Exercise: Only the lines below from the one containing "Diesel_S-ROB-L2 Felpa_Sweatshirt_Grau_XL von" through the last line should be set down, exactly as written and with no pictures.

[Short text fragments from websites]
=-=-=
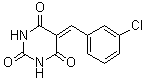 5-(3-Chlorobenzylidene)barbituric acid molecular structure (CAS 71732-11-1)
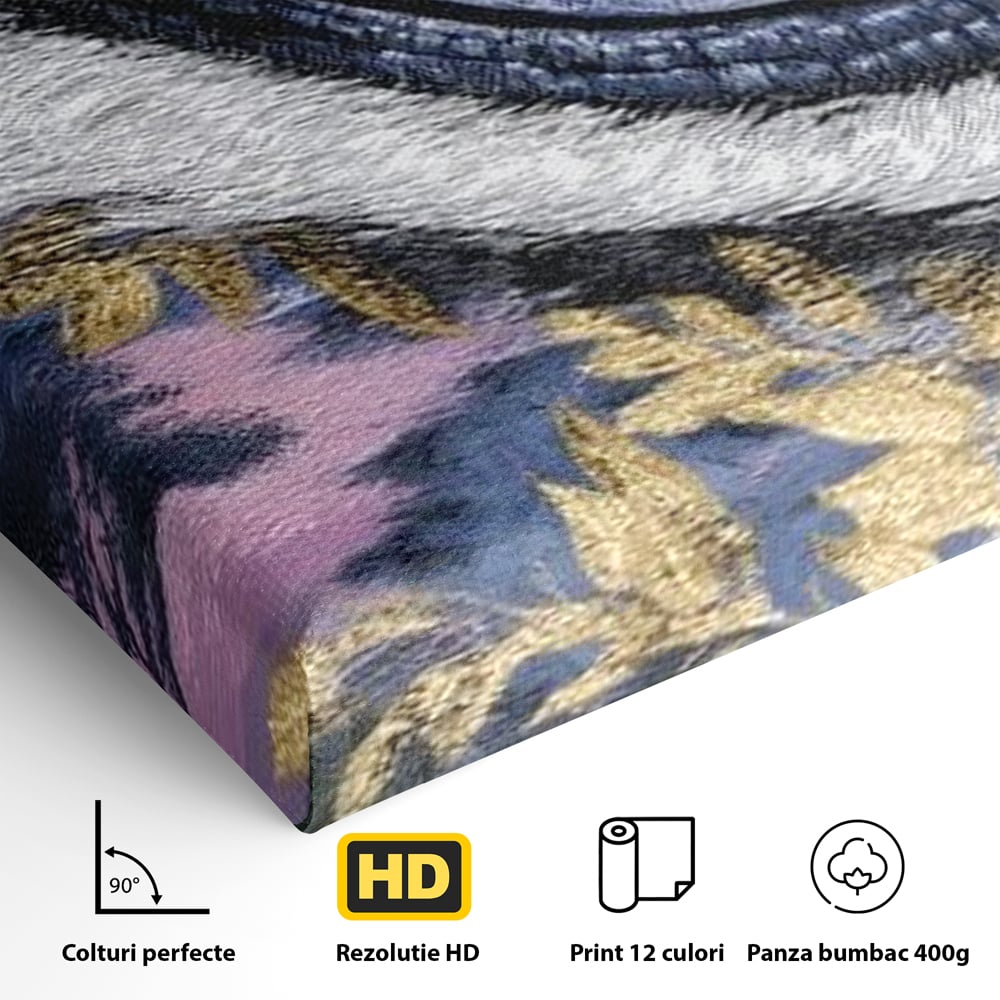 Leinwand Wandkunst Canvas Premium, LuxCanva® M1454, Auge der Savanne, Baum, Vegetation, Natur, Dschungel, Tiger, Augen, Blick, golden, Geheimnis, Vision, Traum, Büro, Wohnen, Kinderzimmer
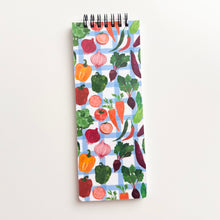Load image into Gallery viewer, Garden Bounty 3.25"x8.5" Slim Lined Notebook
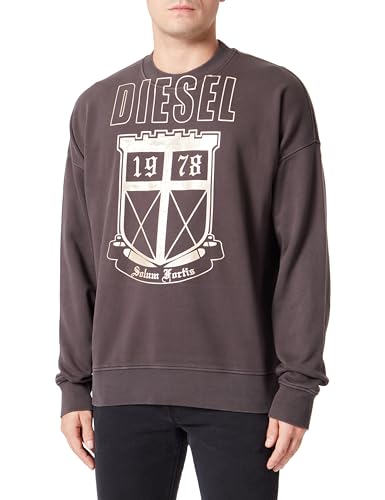 Diesel_S-ROB-L2 Felpa_Sweatshirt_Grau_XL von Diesel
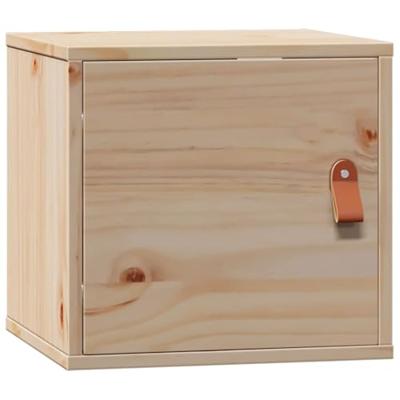 Wandkast 31,5x30x30 cm massief grenenhout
=-=-=
Problem solution:
 Diesel_S-ROB-L2 Felpa_Sweatshirt_Grau_XL von Diesel
 Wandkast 31,5x30x30 cm massief grenenhout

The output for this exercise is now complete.